Wanna bottle now but I am afraid to do it and here is why:

What I used and how:

My pot fits 20 L easily
- dark munich malt 3.487 kg (22ebc)
- black malt 0.225 kg (1500ebc)
- roasted barley 0.675 kg (1450ebc)
- chocolate malt 0.113 kg (1175ebc)
----which gives me 4.5 kg (9.9208 lb) of malt

Yeast : Dry English Ale (WLP007) - 1 pack

Hops: Brewers gold 2015 - 50g at boil, 10g 20 min 'til the end

I used the MAXI BIAB and NO CHILL method to gain 23 L of wort.

I've put water on 80*C (176F), added malt which was room temperature of 21*C(69.8F),
temp went down to 73C (163.4F), stirred after half an hour (temp at 70C/158F),
second stir after one hour (65C/149F), third stir at 63C/145.4F, took the bag out and did a first Sparge with 8 L and a second Sparge with 6 L.

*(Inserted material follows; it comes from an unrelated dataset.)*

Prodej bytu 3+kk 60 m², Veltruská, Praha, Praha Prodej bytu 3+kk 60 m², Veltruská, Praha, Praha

Pre-boil Gravity was 1.048 at 63C/145.4F

Boiled for an hour and a half, adding Sparge water when it evaporated, with hop addition at pre-mentioned times.
Left it over night on a cold tile floor to cool down.

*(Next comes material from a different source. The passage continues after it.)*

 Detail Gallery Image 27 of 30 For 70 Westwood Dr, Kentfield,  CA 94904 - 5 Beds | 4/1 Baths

Next day, OG at 25C/77F was 1.034 and I added my single pack of yeast.

After 12 hours it was bubbling like crazy. After 36 hours the bubbles dropped down to one bubble every 4-5 minutes.

After 10 days in a plastic fermenter I decided to do a gravity reading.
It said 1.026 at 20C/68F
48 hours later same thing.

I have sanitised everything...freak on those matters.
Reading through on-line and offline books I've realised I have underpitched yeast.
The taste of it is very nice and there are no off smells.

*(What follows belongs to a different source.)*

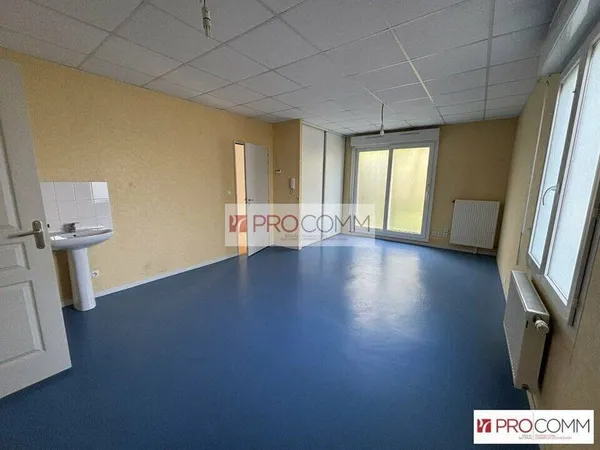 Local 90 m²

So, again I did something crazy.
48 hours after second SAME reading on hydrometer I transferred it to a second fermenter,
I took 2 liters of this wort, boiled it, added cca 600-700g !!!! (21-24 oz) of castor sugar and when it cooled to 20C/68F I pitched a new pack of the same yeast.
Waited 24 hours again and pitched that in what I think was Stuck Fermentation Wort.

24 hours later it was bubbling "normally" like I saw on many You-tube videos. and it was doing so for the next 5 days.
I took a reading when it stopped completely (NO BUBBLES WHAT SO EVER) and it said 1.040 at 20C/68F.

Here is the I AM AFRAID part.
From what I read I should wait until the reading goes down to 1.015 or something.
Of course, that is not the issue with beers with high starting gravity but mine is not that.
Or is it?
When I press on the lid of the second fermenter it gives off a lot of bubbles through the airlock and it springs back into place.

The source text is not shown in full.